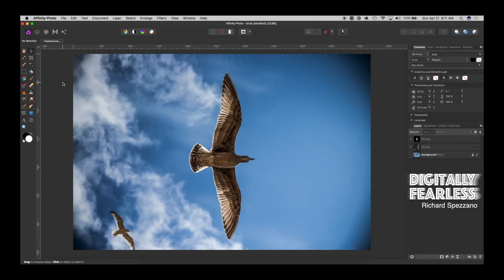Hello, this is Richard Spisano from Digitally Feelers, and today I'm going to show you how to turn a photo into a 3D photo for Facebook. It's much simpler than you might think.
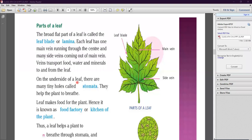On the underside of a leaf, there are many tiny holes called stomata. If you look at the leaf under a microscope or lens, you will see these tiny holes. These holes are called stomata and they help the plant to breathe. Carbon dioxide gas enters the leaf through the stomata and is used in food preparation. That is why the leaf is known as the food factory or kitchen of the plant.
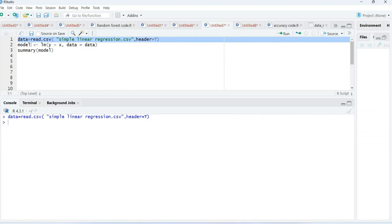Now it's time to create our model. For creating the model we use the lm function, and we are going to predict y based on x.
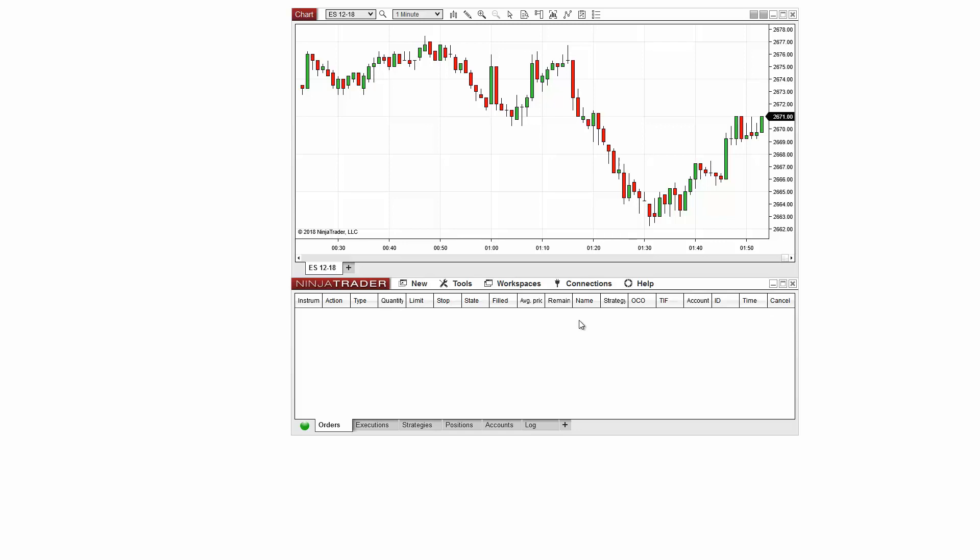To start, I'll access the workspaces menu within NinjaTrader. This menu displays all active and available workspaces. By default, you may see a workspace already created here.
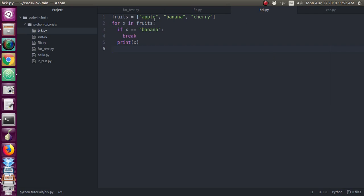Here I have given one list which contains apple, banana, and cherry, and I have put it into a for loop. Inside the for loop I have given one if condition: when x is equal to banana, I have given break. Then I have given print x, which is under the for loop. So it will check the condition, and when this condition is true, it will not execute the next statement and will not go to the next iteration — it will terminate the loop entirely.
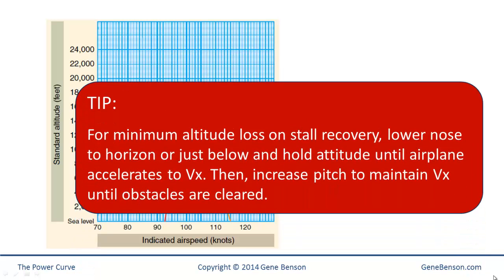Here's a tip: for minimum altitude loss on a stall recovery, lower the nose to the horizon or just below and hold that attitude until the airplane accelerates to VX. Then increase pitch to maintain VX until all obstacles are cleared.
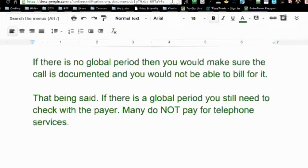Now that you have that information, let's say you do have a global period — you still need to check with the payer. If it's within the global period, you're not going to get paid. And if the patient is on Medicare, chances are Medicare doesn't pay for telephone visits, so you can't use it. In that case, you would just document that the anesthesiologist called and did a check on the patient, but you can't submit a claim.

______

● **WORK ORDER**
Give back, word for word, the lines from the one containing "To start, I'll" through the last line of the listing above; include both ends and exclude the pictures.

● **TASK SOLUTION**
To start, I'll access the workspaces menu within NinjaTrader. This menu displays all active and available workspaces. By default, you may see a workspace already created here.
Here I have given one list which contains apple, banana, and cherry, and I have put it into a for loop. Inside the for loop I have given one if condition: when x is equal to banana, I have given break. Then I have given print x, which is under the for loop. So it will check the condition, and when this condition is true, it will not execute the next statement and will not go to the next iteration — it will terminate the loop entirely.
Here's a tip: for minimum altitude loss on a stall recovery, lower the nose to the horizon or just below and hold that attitude until the airplane accelerates to VX. Then increase pitch to maintain VX until all obstacles are cleared.
Now that you have that information, let's say you do have a global period — you still need to check with the payer. If it's within the global period, you're not going to get paid. And if the patient is on Medicare, chances are Medicare doesn't pay for telephone visits, so you can't use it. In that case, you would just document that the anesthesiologist called and did a check on the patient, but you can't submit a claim.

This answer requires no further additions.